_Collected data_.

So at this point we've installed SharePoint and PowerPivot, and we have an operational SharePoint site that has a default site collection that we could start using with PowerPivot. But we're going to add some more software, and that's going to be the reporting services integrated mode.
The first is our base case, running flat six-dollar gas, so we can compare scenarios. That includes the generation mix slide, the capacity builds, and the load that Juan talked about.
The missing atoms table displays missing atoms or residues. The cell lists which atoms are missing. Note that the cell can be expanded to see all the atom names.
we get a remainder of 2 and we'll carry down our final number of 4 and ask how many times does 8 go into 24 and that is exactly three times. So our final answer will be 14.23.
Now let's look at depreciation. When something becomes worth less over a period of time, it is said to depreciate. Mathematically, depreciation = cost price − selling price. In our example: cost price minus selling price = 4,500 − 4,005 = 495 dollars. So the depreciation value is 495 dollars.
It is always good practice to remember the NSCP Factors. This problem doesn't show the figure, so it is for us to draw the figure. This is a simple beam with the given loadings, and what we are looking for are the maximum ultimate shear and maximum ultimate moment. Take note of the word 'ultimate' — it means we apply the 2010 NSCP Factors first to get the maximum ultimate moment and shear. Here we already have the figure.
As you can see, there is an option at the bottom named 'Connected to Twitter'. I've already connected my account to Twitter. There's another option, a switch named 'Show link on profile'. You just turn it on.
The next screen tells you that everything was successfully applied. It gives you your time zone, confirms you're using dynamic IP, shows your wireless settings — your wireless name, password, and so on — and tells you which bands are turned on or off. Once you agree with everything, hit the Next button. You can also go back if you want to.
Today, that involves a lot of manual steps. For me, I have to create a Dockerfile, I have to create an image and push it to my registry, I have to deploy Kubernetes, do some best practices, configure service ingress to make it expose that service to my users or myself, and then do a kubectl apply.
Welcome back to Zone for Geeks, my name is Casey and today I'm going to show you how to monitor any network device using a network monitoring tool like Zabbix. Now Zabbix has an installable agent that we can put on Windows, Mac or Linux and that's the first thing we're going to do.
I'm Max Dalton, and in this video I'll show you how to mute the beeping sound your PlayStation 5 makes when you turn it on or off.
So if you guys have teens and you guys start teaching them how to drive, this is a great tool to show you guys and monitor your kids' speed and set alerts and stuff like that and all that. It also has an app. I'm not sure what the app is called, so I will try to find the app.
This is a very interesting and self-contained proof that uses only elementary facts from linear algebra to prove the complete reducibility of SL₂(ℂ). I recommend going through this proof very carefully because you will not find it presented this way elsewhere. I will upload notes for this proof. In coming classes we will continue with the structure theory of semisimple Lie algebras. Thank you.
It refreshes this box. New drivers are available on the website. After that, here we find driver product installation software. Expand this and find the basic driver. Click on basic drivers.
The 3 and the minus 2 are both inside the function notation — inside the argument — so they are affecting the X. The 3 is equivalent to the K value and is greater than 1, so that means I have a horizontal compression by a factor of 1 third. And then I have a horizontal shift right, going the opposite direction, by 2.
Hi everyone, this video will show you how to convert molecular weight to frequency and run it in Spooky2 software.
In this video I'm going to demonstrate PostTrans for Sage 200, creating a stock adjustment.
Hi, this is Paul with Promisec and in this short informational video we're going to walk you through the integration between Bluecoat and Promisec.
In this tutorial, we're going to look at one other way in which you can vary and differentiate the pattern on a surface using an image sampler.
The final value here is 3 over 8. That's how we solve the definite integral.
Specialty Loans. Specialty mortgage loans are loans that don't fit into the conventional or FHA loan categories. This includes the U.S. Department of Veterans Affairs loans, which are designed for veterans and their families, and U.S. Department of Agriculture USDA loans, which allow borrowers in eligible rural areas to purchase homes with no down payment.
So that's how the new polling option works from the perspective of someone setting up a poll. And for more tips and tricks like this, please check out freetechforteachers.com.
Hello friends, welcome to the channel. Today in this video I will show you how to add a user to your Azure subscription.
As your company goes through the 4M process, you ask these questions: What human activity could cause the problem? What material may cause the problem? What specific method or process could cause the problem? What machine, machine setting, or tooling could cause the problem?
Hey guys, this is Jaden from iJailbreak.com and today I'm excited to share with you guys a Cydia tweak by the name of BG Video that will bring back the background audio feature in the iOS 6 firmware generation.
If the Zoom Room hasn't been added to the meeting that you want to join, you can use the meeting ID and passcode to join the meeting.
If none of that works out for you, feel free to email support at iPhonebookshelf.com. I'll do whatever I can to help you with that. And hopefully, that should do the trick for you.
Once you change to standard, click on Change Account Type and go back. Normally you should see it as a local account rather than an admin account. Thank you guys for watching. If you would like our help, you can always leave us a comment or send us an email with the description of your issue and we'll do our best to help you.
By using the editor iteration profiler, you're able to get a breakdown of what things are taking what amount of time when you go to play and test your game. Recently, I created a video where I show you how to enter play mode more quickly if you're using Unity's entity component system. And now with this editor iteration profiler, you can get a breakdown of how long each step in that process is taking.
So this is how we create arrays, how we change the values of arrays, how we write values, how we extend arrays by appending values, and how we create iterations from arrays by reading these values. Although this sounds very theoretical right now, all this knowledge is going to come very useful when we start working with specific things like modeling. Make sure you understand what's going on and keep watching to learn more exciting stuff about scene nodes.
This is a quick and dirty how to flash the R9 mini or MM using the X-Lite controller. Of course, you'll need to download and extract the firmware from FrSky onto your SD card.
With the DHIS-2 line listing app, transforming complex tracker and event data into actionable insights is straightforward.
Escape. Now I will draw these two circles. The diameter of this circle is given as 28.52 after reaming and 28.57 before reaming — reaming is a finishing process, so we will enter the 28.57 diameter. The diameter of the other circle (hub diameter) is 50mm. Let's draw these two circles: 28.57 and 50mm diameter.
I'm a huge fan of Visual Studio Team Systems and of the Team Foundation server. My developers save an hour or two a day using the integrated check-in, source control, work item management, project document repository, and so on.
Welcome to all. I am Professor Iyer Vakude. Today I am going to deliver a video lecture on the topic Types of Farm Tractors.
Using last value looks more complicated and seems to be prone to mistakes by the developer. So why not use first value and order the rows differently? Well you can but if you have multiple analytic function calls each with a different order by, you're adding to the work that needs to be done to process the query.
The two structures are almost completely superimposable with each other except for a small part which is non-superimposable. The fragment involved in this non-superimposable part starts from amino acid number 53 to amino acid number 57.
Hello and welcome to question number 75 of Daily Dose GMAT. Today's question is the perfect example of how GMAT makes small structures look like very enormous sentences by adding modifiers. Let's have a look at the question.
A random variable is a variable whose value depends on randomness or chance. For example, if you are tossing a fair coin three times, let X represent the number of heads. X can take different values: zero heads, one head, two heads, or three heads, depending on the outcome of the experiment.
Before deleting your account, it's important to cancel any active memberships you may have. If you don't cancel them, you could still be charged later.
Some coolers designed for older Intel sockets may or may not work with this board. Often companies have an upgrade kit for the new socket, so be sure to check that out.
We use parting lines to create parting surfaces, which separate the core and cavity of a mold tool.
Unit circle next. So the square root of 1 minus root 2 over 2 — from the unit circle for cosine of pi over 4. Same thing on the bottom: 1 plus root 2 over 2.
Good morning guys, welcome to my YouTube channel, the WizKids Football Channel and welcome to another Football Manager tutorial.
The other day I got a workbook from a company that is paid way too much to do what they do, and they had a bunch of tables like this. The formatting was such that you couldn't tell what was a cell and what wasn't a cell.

_TASK GOAL_.
The required answer is a single number: the count of lines in the entries that hold the string "given".

_EXERCISE ANSWER_.
2